The Power of Your Potential

 

Judges 6:11-24

11 Then the angel of the Lord came and sat beneath the oak tree at Ophrah, which belonged to Joash of the clan of Abiezer. Gideon son of Joash had been threshing wheat at the bottom of a winepress to hide the grain from the Midianites. 12 The angel of the Lord appeared to him and said, "Mighty hero, the Lord is with you!”

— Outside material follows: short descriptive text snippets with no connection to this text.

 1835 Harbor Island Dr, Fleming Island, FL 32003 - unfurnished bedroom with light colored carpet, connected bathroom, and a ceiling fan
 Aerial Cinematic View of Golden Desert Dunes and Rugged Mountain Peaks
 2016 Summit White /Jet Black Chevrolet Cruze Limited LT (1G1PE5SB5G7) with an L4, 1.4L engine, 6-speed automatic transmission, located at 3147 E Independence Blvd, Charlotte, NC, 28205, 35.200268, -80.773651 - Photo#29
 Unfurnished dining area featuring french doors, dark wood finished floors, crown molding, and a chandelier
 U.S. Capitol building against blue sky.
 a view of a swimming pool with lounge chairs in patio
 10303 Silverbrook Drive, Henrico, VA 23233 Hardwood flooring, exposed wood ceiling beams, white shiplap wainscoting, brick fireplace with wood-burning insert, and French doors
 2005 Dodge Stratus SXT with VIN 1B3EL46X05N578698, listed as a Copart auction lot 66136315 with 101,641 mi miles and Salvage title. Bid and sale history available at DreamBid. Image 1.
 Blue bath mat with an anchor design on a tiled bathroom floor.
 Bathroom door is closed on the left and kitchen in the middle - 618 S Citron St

13 "Sir,” Gideon replied, "if the Lord is with us, why has all this happened to us? And where are all the miracles our ancestors told us about? Didn’t they say, ‘The Lord brought us up out of Egypt’? But now the Lord has abandoned us and handed us over to the Midianites.” 14 Then the Lord turned to him and said, "Go with the strength you have and rescue Israel from the Midianites. I am sending you!” 15 "But Lord,” Gideon replied, "how can I rescue Israel? My clan is the weakest in the whole tribe of Manasseh, and I am the least in my entire family!”16 The Lord said to him, "I will be with you. And you will destroy the Midianites as if you were fighting against one man.” 17 Gideon replied, "If you are truly going to help me, show me a sign to prove that it is really the Lord speaking to me. 18 Don’t go away until I come back and bring my offering to you.”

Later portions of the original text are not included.